The Final 17: A Mix of Household Names and Overlooked Leaders
This meticulous process filtered out all but the most robust candidates, leaving a diverse group of 17 companies. The list includes defensive consumer staples, booming energy producers, and steady financial institutions.
Household names like PepsiCo (PEP) stand out, proving that even blue-chip giants can be found at a discount. Despite its global brand recognition, PepsiCo passed the screen with a 4.2% yield and a consistent 6.8% dividend growth rate.
On the high-growth end, energy players like Occidental Petroleum (OXY) and Murphy Oil (MUR) made the list. Occidental, in particular, boasts a staggering five-year dividend CAGR of 88.8%, signaling a dramatic turnaround and commitment to returning cash to shareholders.

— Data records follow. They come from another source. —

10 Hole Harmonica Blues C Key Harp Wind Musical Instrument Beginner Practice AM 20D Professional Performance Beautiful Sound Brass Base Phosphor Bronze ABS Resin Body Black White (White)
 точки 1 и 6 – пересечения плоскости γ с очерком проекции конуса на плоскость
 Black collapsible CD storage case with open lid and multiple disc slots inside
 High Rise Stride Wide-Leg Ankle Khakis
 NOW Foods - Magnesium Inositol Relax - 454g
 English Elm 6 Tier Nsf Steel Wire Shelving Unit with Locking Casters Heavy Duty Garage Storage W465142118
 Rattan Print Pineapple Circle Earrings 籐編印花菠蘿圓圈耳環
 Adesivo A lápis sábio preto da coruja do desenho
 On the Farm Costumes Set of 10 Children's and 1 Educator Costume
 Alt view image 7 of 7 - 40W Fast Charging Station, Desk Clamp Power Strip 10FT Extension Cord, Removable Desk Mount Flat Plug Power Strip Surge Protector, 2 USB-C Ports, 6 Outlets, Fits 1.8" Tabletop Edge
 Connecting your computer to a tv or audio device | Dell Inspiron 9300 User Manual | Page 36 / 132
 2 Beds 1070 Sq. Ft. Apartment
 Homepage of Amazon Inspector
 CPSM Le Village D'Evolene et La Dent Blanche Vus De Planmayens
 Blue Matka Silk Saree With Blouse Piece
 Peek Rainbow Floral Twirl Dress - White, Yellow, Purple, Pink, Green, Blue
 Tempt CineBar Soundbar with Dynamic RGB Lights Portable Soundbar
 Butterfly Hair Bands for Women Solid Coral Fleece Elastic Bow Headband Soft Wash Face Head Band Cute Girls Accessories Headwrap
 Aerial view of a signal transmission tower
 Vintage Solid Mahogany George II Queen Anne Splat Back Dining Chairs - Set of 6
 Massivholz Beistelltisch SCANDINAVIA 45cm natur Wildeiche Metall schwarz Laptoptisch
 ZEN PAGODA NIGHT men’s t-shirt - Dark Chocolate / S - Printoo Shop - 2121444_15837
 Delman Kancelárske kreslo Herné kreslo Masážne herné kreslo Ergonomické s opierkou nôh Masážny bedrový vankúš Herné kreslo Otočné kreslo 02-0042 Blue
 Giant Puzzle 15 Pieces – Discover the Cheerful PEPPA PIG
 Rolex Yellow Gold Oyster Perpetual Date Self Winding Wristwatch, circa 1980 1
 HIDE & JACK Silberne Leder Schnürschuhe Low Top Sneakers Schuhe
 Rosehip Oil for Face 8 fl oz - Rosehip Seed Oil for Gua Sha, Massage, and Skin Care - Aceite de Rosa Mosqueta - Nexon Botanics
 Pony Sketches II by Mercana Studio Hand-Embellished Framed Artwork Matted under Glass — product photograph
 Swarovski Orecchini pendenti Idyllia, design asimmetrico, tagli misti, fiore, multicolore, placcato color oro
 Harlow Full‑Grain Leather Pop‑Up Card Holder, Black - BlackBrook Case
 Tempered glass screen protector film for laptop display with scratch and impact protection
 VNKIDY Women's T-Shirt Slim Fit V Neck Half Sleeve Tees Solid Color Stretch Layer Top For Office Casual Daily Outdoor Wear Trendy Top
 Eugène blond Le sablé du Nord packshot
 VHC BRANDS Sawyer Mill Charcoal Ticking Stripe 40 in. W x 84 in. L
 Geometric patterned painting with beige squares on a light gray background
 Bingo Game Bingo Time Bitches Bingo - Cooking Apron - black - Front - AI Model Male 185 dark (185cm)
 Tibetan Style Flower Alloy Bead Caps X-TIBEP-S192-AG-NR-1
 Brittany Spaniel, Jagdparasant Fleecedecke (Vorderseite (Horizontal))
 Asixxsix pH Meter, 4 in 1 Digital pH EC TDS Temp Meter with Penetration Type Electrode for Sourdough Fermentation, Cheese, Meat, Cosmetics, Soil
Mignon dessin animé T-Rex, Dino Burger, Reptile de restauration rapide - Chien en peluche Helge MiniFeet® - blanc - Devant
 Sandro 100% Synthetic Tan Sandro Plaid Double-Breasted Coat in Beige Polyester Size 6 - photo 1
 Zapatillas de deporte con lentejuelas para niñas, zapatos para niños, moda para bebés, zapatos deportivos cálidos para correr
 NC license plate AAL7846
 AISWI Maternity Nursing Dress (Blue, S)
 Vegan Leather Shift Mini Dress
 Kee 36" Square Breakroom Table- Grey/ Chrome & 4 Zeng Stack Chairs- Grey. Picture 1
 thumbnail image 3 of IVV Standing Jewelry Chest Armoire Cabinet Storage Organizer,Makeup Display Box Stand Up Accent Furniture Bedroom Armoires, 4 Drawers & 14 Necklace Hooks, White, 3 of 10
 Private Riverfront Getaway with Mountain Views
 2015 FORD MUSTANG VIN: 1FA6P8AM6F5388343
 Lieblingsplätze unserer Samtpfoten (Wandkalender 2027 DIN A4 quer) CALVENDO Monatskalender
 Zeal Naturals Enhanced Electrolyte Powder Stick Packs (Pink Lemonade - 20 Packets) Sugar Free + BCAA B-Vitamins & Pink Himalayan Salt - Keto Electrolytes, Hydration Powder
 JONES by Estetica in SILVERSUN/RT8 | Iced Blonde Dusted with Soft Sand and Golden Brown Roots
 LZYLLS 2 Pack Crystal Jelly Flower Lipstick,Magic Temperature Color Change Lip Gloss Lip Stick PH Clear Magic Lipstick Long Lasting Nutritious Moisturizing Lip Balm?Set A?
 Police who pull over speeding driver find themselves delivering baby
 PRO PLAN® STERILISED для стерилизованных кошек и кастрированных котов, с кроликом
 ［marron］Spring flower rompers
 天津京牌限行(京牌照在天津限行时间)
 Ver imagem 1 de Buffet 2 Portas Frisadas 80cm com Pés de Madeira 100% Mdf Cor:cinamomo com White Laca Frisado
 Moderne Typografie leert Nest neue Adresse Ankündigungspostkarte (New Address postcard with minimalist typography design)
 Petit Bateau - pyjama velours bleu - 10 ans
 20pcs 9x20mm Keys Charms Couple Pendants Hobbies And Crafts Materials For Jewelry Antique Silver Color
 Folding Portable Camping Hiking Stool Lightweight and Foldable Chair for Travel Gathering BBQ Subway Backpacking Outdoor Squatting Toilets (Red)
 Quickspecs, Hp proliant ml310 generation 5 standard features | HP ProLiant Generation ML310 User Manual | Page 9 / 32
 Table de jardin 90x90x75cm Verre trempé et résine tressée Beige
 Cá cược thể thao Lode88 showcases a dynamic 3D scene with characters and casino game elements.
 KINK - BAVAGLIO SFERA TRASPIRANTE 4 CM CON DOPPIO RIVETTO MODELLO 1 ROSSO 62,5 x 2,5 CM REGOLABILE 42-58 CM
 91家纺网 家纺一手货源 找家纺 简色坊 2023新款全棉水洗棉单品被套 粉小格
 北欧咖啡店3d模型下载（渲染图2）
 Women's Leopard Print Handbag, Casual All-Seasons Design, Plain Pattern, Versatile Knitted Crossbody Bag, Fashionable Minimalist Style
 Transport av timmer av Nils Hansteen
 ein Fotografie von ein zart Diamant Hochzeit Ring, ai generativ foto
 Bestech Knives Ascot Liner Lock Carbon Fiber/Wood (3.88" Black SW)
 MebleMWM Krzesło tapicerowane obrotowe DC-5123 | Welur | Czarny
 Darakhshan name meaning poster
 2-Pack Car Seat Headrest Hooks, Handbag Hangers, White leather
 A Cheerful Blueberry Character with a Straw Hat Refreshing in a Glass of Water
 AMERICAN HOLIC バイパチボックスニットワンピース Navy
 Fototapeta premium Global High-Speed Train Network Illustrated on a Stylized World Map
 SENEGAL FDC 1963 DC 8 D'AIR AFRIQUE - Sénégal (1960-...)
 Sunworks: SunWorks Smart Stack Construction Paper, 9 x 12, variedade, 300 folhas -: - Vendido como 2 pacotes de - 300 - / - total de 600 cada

Here is the full list of companies that successfully passed all criteria:
Company | Ticker | Dividend Yield | Forward P/E | Est. Revenue CAGR (2025-2027) | 5-Year Dividend CAGR |
Upbound Group Inc. | UPBD | 5.92% | 5.6 | 8.0% | 6.1% |
Columbia Banking System Inc. | COLB | 5.64% | 9.0 | 18.6% | 5.2% |
Murphy Oil Corp. | MUR | 5.31% | 11.5 | 7.3% | 21.1% |
PepsiCo Inc. | PEP | 4.20% | 16.7 | 3.0% | 6.8% |
Atlantic Union Bankshares Corp. | AUB | 4.05% | 9.7 | 8.9% | 6.3% |
Essential Utilities Inc. | WTRG | 3.54% | 17.0 | 6.4% | 6.8% |
Coterra Energy Inc. | CTRA | 3.41% | 8.2 | 6.2% | 16.5% |
Bank OZK | OZK | 3.33% | 8.1 | 5.4% | 9.3% |
EOG Resources Inc. | EOG | 3.31% | 11.8 | 8.0% | 22.2% |
Brown-Forman Corp. Class B | BF.B | 3.20% | 16.9 | 1.9% | 5.4% |
Archrock Inc. | AROC | 3.08% | 14.4 | 7.4% | 5.6% |
Ovintiv Inc. | OVV | 3.01% | 8.3 | 5.0% | 26.2% |
UnitedHealth Group Inc. | UNH | 2.87% | 13.0 | 6.2% | 12.1% |
Lamb Weston Holdings Inc. | LW | 2.82% | 15.1 | 2.5% | 10.0% |
Banc of California Inc. | BANC | 2.71% | 10.5 | 8.8% | 10.8% |
Constellation Brands Inc. Class A | STZ | 2.37% | 13.2 | 1.1% | 6.3% |
Occidental Petroleum Corp. | OXY | 2.19% | 15.3 | 4.0% | 88.8% |
Source: FactSet |
A Starting Point for Savvy Investors
While a powerful tool, a stock screen is not a substitute for due diligence. Buckingham’s “greedy contrarian” approach suggests that these out-of-favor stocks are worth a closer look precisely because the market may be overlooking their potential. For investors willing to do their own research, this list provides a treasure map to potentially undervalued companies poised for both growth and generous shareholder returns.